Through most of December I did absolutely nothing. No writing what so ever. I could not go on like this! It would take a while for story ideas to build up. If I do not wait for them to build up I write maybe once every couple months, and that makes be depressed. So...I figured another novel was in order.
The last week of December I kicked around the idea of a fantasy set in a world inspired by an old west feeling. I thought this was so incredibly original. Who has ever heard of a fantasy set in the old west? Then I found Rapunzel's Revenge, which is basically a fantasy set in the old west. True, it is a graphic novel, but I can no longer claim to be the first who thought up the idea of an old west fantasy. Ah, well.

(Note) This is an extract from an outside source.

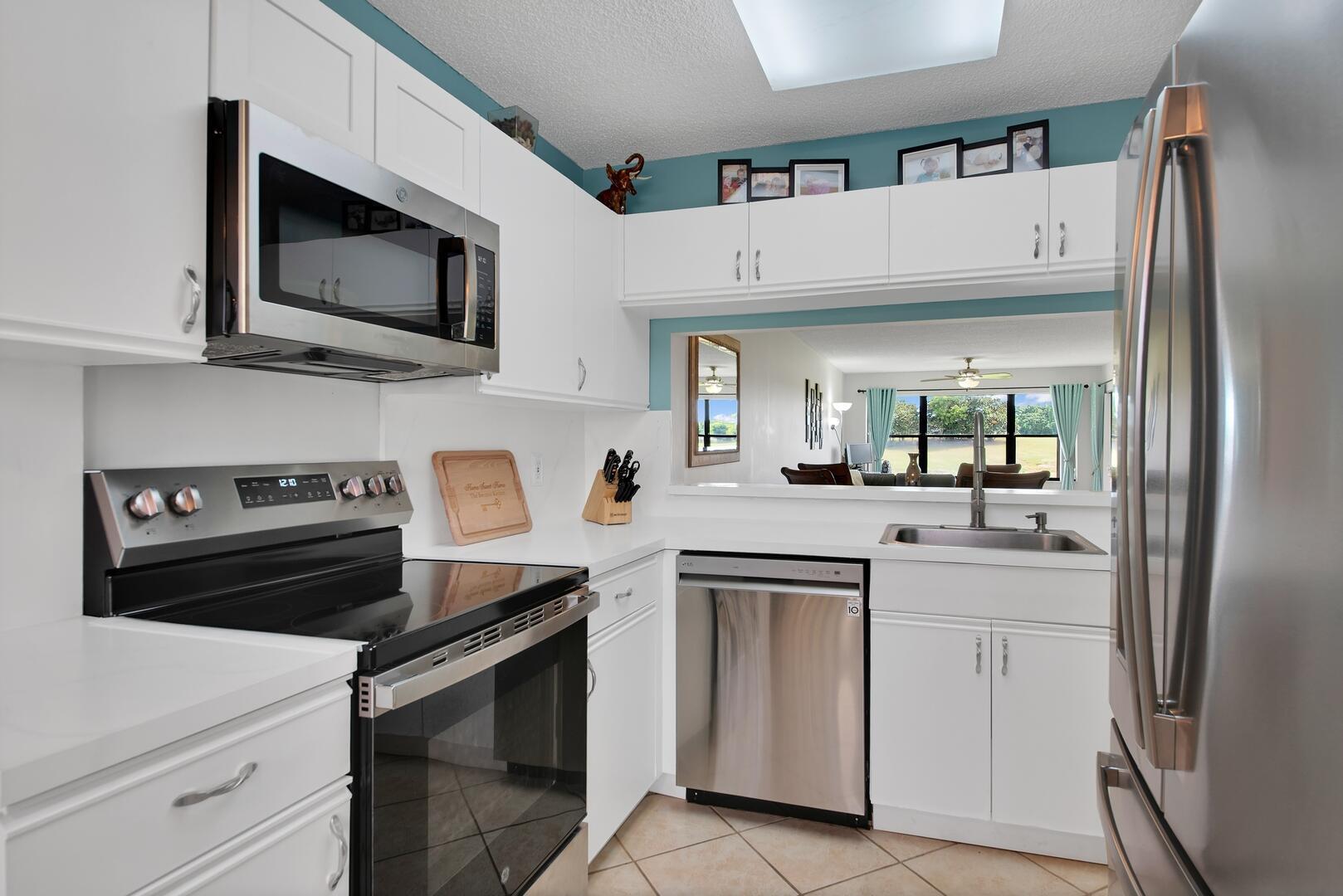 4708 Lucerne Lakes Boulevard E 104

I wrote half of the first chapter to the old west fantasy, titled The Magic Thief, by the way, (and would you know it? Someone took that title right out from under me. I thought of the title for this story before the book of the same title came out.) For some reason though, I was not feeling it.
Typically, I have to carry an idea for a novel around in my head before I can write it. The plot, idea's, and characters need to be nearly complete before I can put them down on paper. I still make changes to those things as I write as I feel the need, but the major things need to be already formed. Until then, I find myself unable to write more than a couple of pages.
I had, had this idea of The Magic Thief for quite a while now, a couple years at least. Nevertheless, I could not get pas the first chapter. I really would like to get back to it sometime, but the whole world is still only half formed in my mind.
Then, not really thinking it would go any where, I started writing a novel I had given the title, Beyond Happily Ever After. I have had this idea for a shorter time than The Magic Thief, so I was not really expecting it to work. Then bam, we click, and I am well on my way to writing another novel. Why this one works so much better than The Magic Thief, I cannot really say. Perhaps the world of Beyond Happily Ever After is simpler, so I can imagine everything in it better. Maybe it is something else. Either way, that is what I am writing right now.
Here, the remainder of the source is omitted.